• PROBLEM DESCRIPTION:
While leaving the pictures out, set down only the lines from the one with "PR9092416 Property Photo" through the end of the records, exactly as they stand.

• STUDY MATERIAL:
--- --- ---

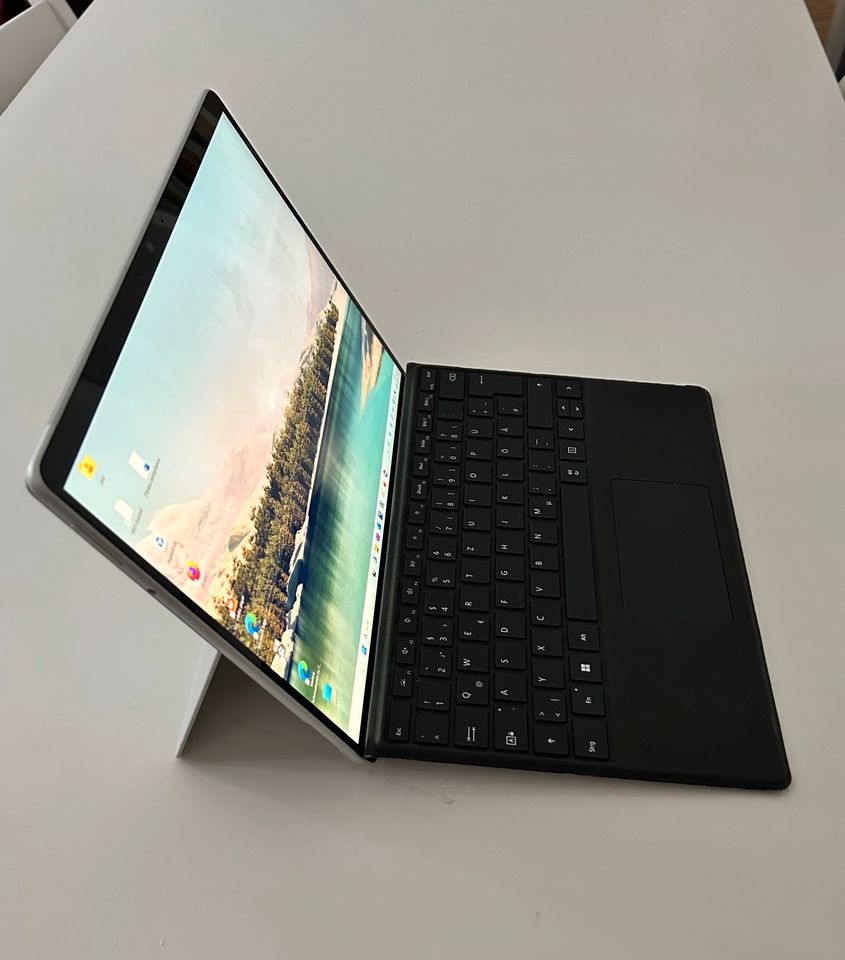 Microsoft Surface Pro 8 in Heidelberg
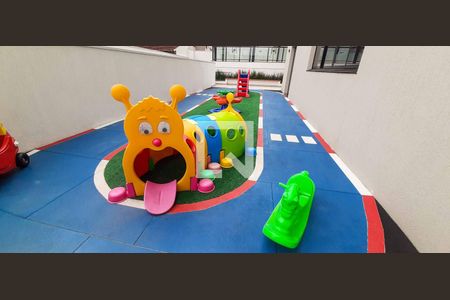 Apartamento à venda com 82m², 2 quartos e 2 vagas Apartamento à venda com 82m², 2 quartos e 2 vagasÁrea comum - Playground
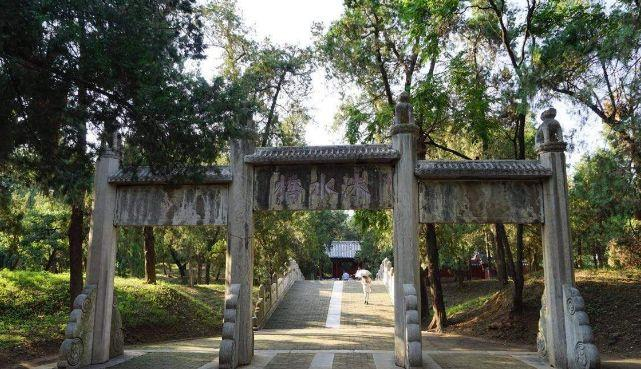 Như vậy, hiện tượng “quạ không đậu, rắn chuột không tới” ở mộ Khổng Tử không phải là điều kỳ bí tâm linh, mà là kết quả của trí tuệ tổ tiên, hiểu biết sâu sắc về sinh thái học và phong thủy. (Ảnh: Sina)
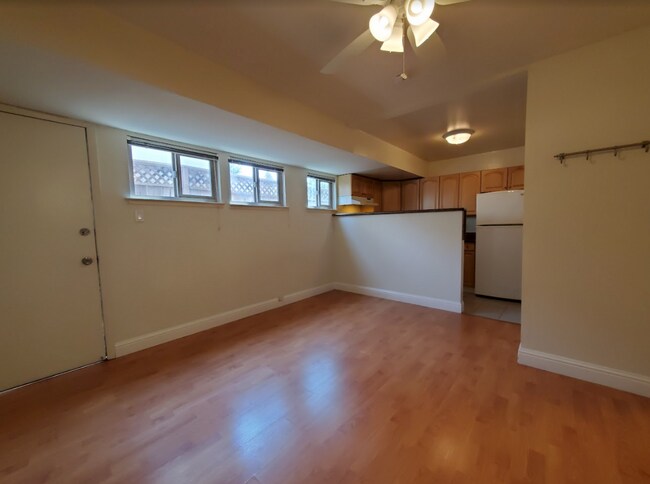 16 Arch St photo 4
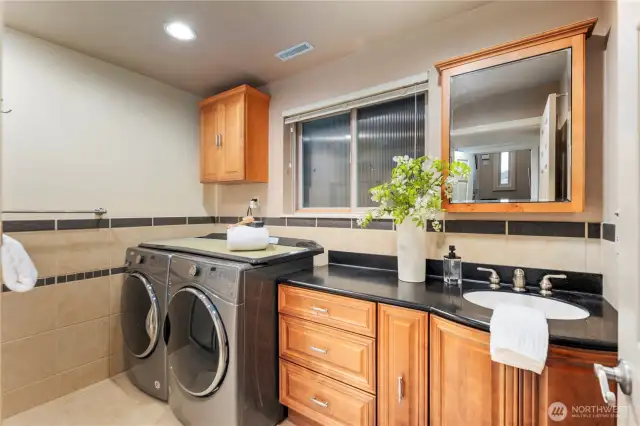Laundry Room / Bathroom w/ Shower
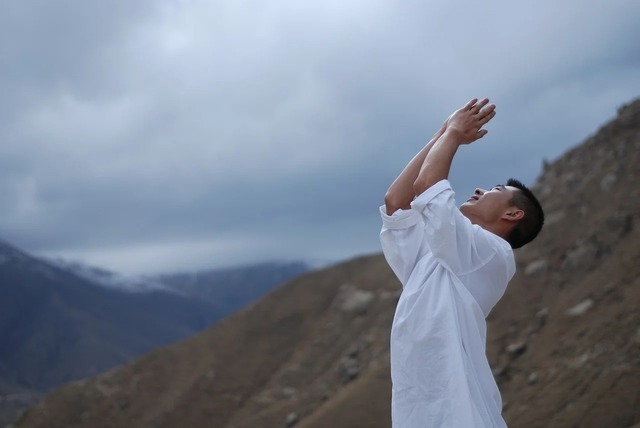 yoga-4849678_1280.jpg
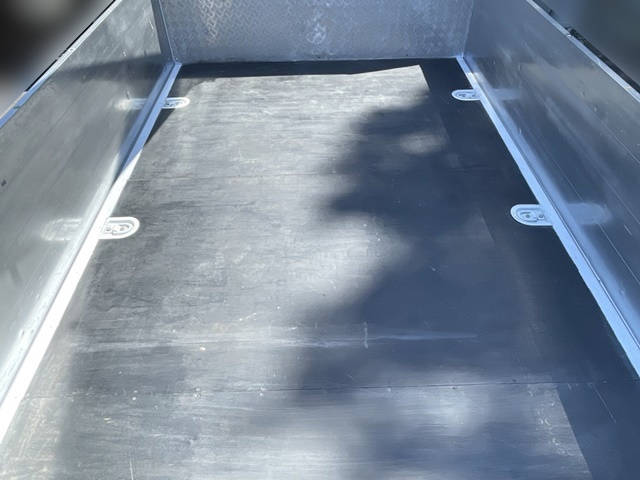 三菱ふそうキャンタークレーン4段小型（2t・3t）[写真08]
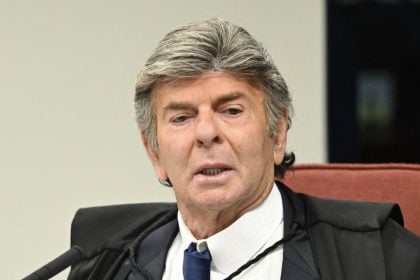 Voto de Fux não muda o resultado, mas acende uma luz no fim do túnel para Bolsonaro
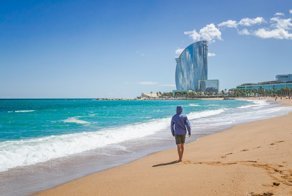 Крепче за карман держись турист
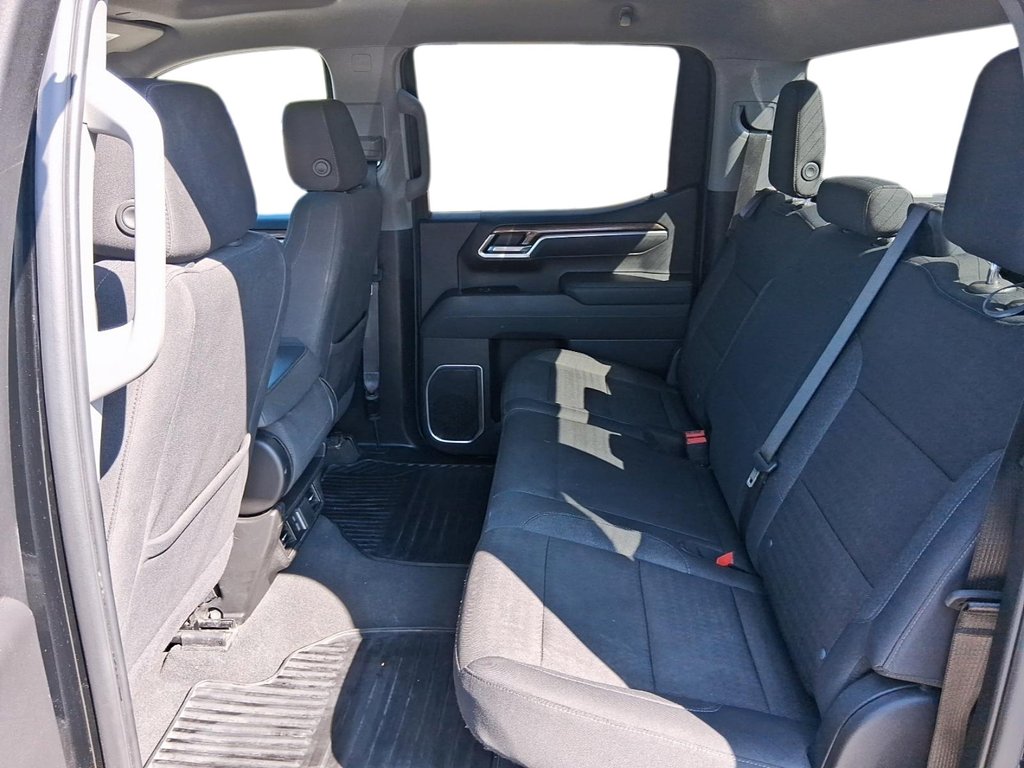 2025 Chevrolet Silverado 1500 Crew Cab Standard Box 4-Wheel Drive LT in Stratford, Ontario - 9 - w1024h768px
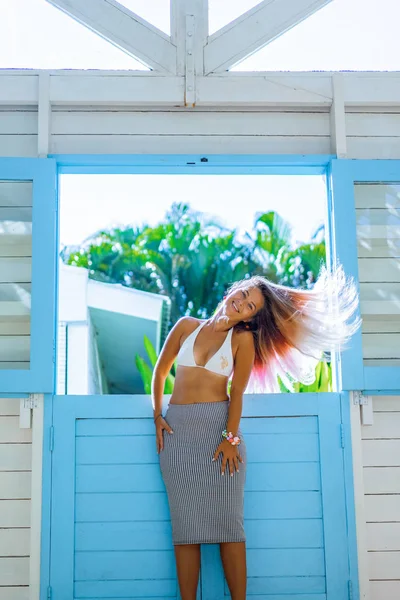 genç kadın bir yaz gününde bir kafede. tropikal bir kafede erkek.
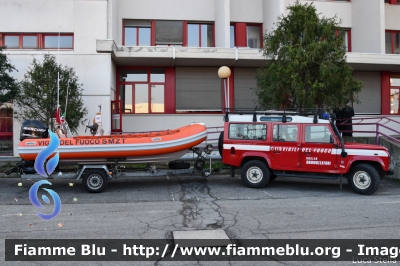 Land Rover Defender 110
Vigili del Fuoco
Comando Provinciale di Bologna
Nucleo Soccorso Subacqueo Acquatico
VF 21048
Parole chiave: Land-Rover Defender_110 VF21048 santa_Barbara_2018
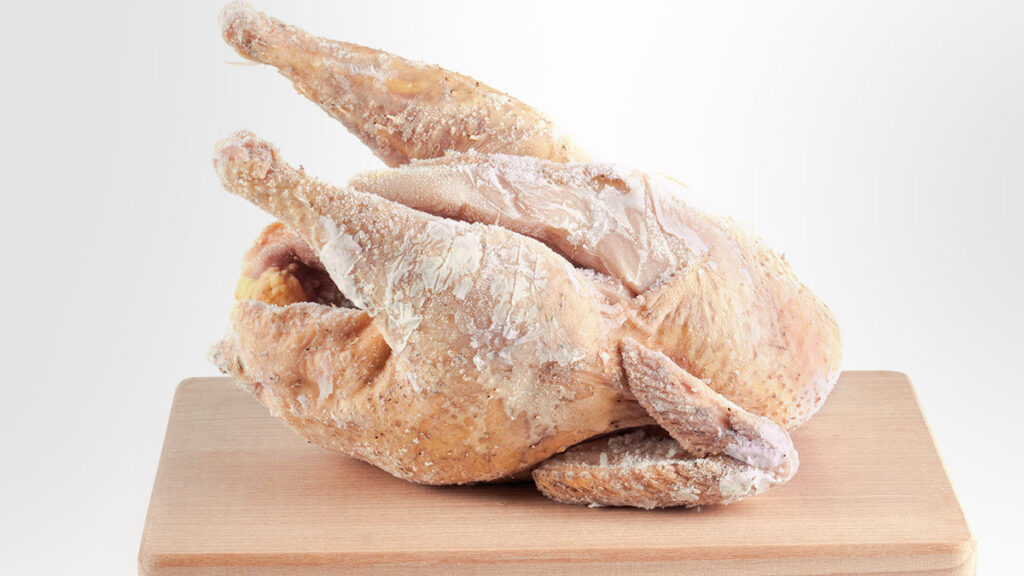 ¿Cuánto tiempo dura el pavo en buenas condiciones dentro del refrigerador?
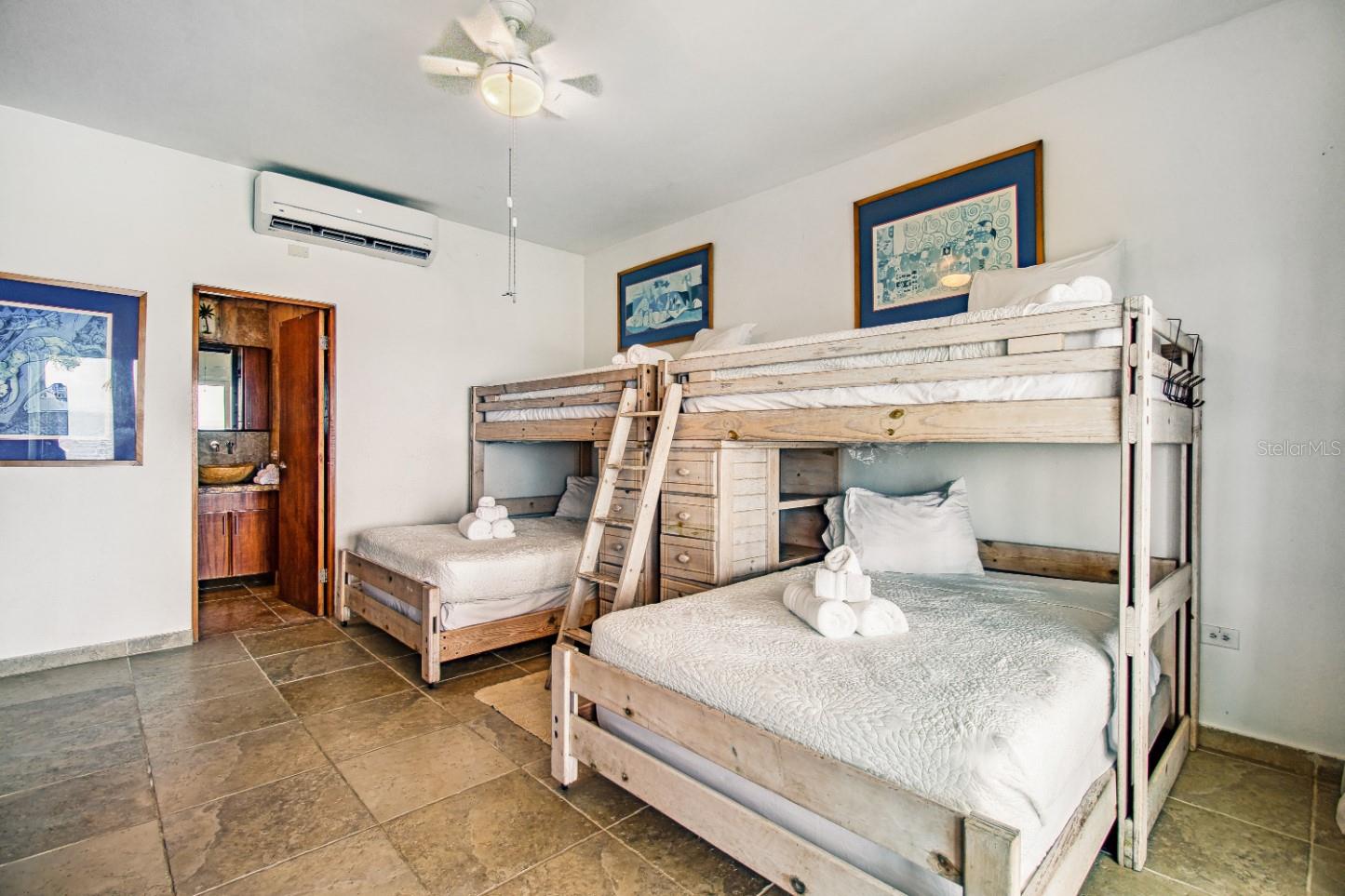 PR9092416 Property Photo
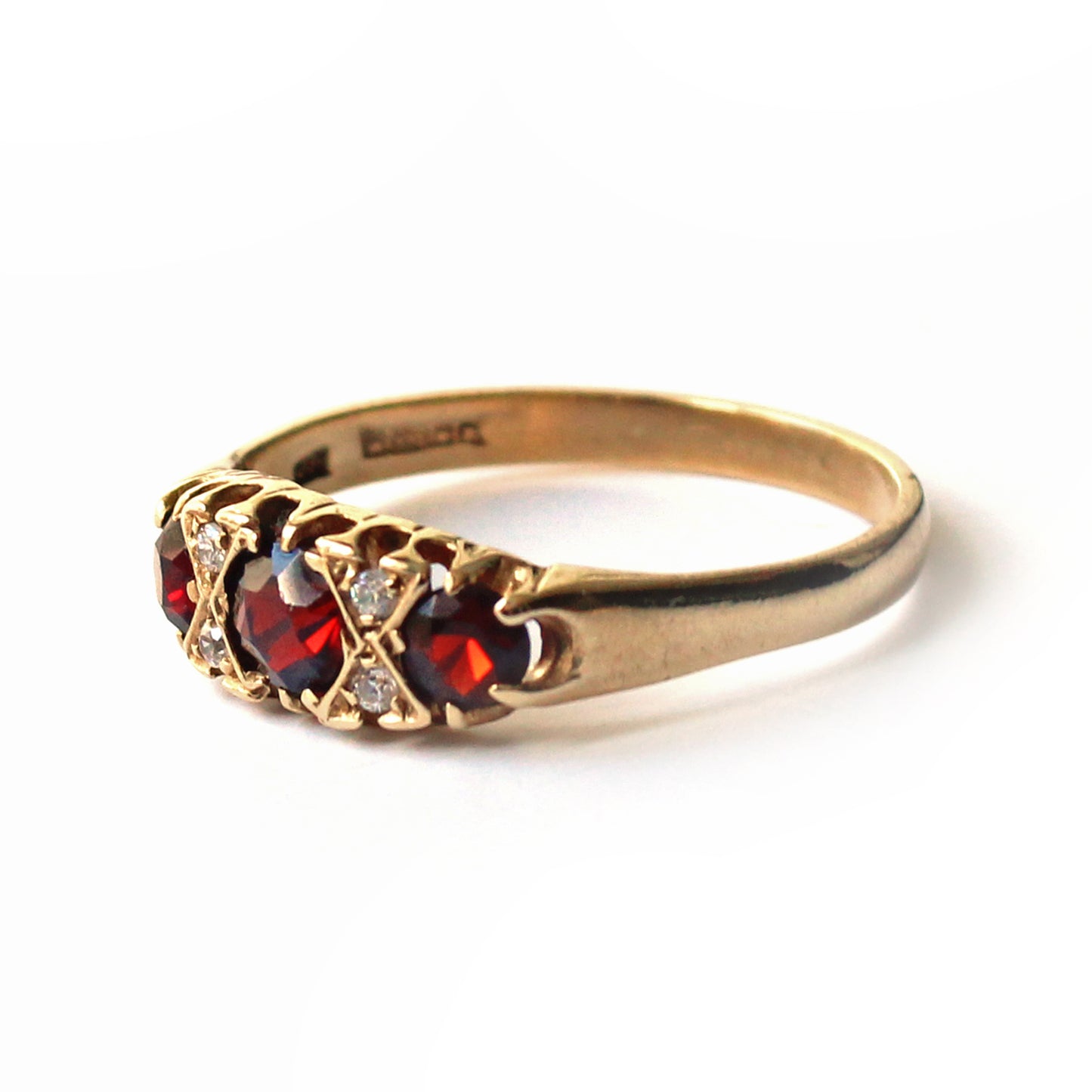 Vintage 9ct Gold Emerald Paste & Diamond Ring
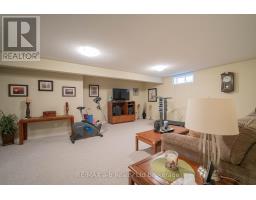 218 BALDWIN STREET - 26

--- --- ---

• SOLUTION BELOW:
 PR9092416 Property Photo
 Vintage 9ct Gold Emerald Paste & Diamond Ring
 218 BALDWIN STREET - 26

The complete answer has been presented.